In the first book to take D. H. Lawrence's Last Poems as its starting point, Bethan Jones adopts a broadly intertextual approach to explore key aspects of Lawrence's late style. The evolution and meaning of the poems are considered in relation to Lawrence's prose works of this period, including Sketches of Etruscan Places, Lady Chatterley's Lover, and Apocalypse. More broadly, Jones shows that Lawrence's late works are products of a complex process of textual assimilation, as she uncovers the importance of Lawrence's reading in mythology, cosmology, primitivism, mysticism, astronomy, and astrology. The result is a book that highlights the richness and diversity of his poetic output, also prioritizing the masterpieces of Lawrence's mature style which are as accomplished as anything produced by his Modernist contemporaries.

Excerpt

The aim of this book is to reveal the sheer breadth and profundity of D.H. Lawrence’s late poems, also considering their status as late or last works. I have taken as my starting-point the two poetry notebooks filled by Lawrence in 1929 and posthumously published: notebooks encompassing some of his great acknowledged masterpieces such as ‘Bavarian Gentians’ and ‘The Ship of Death’. I am equally concerned, however, with the unacknowledged masterpieces and even with poems that are less stylistically accomplished but engage fascinatingly with key preoccupations of Lawrence’s last years. Since the publication of Edward Said’s book On Late Style in 2003, there has been a wave of interest in artistic ‘lateness’ or ‘lastness’ – with all that these terms imply and entail – across the arts. Current issues and debates within this field serve as useful catalysts for a discussion of the works composed by Lawrence between 1927 and 1930, with particular focus on the late poetry.

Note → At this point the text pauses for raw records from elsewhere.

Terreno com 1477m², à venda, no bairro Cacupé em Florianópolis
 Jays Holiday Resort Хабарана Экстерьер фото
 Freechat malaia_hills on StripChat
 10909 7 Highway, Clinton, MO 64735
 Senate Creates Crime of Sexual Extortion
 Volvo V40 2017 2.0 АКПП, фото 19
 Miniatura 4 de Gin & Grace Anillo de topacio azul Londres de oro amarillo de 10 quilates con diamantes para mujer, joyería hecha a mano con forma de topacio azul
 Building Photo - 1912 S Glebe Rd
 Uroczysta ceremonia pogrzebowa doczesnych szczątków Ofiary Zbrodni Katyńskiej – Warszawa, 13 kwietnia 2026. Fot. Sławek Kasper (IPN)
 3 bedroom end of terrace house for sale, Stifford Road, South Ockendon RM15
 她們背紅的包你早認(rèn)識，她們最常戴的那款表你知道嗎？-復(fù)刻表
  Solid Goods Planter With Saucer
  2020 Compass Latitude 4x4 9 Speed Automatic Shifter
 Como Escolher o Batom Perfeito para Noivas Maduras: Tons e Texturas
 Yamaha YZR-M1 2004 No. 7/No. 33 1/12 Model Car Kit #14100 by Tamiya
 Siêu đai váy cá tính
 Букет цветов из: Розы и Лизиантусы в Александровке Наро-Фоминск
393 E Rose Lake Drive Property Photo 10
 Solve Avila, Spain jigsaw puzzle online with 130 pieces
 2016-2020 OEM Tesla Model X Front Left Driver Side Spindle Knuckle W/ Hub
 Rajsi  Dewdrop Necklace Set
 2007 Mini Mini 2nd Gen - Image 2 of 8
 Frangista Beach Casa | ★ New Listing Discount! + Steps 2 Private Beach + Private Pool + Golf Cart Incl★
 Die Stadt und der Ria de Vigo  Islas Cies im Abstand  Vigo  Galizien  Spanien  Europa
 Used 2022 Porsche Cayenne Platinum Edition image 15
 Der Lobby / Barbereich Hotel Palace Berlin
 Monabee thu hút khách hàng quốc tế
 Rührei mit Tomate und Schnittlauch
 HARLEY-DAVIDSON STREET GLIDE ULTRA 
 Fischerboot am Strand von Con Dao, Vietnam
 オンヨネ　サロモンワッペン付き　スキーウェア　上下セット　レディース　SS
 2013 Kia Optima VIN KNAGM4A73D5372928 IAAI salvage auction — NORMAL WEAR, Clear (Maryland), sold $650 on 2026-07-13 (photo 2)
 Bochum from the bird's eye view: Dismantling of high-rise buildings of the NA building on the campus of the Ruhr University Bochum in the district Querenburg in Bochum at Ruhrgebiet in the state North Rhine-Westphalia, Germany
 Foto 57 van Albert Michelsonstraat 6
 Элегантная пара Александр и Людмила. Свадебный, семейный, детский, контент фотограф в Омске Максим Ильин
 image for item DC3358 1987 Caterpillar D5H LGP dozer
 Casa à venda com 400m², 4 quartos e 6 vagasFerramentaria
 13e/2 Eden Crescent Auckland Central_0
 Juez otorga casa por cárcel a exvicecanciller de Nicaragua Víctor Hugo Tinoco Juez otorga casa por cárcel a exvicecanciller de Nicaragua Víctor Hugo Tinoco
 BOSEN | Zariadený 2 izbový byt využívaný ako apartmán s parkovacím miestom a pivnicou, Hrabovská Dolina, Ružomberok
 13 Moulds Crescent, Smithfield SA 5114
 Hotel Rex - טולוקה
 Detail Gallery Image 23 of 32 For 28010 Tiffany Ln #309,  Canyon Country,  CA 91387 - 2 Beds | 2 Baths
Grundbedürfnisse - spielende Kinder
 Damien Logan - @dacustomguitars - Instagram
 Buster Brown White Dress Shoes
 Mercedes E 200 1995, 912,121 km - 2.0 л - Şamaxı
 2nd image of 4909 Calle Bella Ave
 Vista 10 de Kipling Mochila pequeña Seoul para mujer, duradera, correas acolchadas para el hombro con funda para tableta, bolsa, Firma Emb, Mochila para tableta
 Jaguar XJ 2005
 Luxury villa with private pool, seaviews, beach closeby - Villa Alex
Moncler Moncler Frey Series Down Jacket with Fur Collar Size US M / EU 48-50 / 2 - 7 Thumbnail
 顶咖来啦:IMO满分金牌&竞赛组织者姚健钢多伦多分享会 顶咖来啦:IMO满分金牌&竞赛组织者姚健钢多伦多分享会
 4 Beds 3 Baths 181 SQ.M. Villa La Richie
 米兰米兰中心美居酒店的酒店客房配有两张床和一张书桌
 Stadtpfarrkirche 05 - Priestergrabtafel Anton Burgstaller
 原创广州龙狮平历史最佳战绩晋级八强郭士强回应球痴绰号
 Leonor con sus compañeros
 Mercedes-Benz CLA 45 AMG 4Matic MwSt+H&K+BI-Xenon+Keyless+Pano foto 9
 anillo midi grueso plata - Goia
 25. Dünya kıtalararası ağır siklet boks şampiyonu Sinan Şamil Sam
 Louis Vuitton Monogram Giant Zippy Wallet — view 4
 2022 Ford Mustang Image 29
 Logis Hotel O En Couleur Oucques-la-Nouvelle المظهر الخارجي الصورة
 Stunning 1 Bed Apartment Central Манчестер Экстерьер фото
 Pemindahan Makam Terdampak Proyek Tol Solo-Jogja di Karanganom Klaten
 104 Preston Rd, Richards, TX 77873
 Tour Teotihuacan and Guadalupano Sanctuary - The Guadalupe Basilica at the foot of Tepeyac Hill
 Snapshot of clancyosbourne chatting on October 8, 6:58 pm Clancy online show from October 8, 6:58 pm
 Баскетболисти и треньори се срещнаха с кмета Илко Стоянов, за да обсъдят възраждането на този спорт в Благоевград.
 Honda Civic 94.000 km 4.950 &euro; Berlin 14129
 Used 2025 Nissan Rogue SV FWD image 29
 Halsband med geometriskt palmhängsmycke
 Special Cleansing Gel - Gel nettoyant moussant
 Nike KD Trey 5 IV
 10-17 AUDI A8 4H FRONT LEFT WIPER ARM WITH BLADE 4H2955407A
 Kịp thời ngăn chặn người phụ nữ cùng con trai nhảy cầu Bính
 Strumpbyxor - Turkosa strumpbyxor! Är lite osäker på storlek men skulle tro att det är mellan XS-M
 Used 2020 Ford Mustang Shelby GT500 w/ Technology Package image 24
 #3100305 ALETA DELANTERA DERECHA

‘Lateness’ and ‘lastness’ are slippery terms, while the ‘shaping’ of any poem (or poetry collection) is a complex process that tends to elude definition. A poem created within a sequence exists in relation to the other surrounding poems rather than in a vacuum; arguably, then, it is best considered in its place. The development of poems might also be explained through recourse to the word ‘reshaping’, given that they evolve through draft stages and often undergo an intricate process of correction, revision and even rewriting. In Lawrence’s case, the complexity is heightened by the fact that he was working with and between two notebooks in 1929, deriving material from the earlier manuscript for interpolation into the later, so that drafts of the same poem frequently occur in both. The notebooks were not in any sense finalized and Lawrence’s intentions for them remain unclear. These poems thus retain the tantalizing provisionality so often associated with – or imposed by – lateness.

This study adopts a contextual approach, in which the last poetry notebooks are discussed not only in relation to their earlier draft stages but in conjunction with the works written by Lawrence during the last three years of his life. Individual chapters indicate connections between the late poems and Lady Chatterley’s Lover, Sketches of Etruscan Places, Apocalypse, The Escaped Cock, selected articles from this period and his last review. More broadly still, Lawrence’s late works are discussed here as products of a lifelong process of intertextual assimilation, though the books read or re-read by him during his last three years are prioritized. Works on mythology, cosmology, primitivism, mysticism, astronomy and astrology are brought into play, illustrating the way in which ideas or images are borrowed and transformed through incorporation into the late verse. The resulting poems emerge as astonishingly rich and diverse.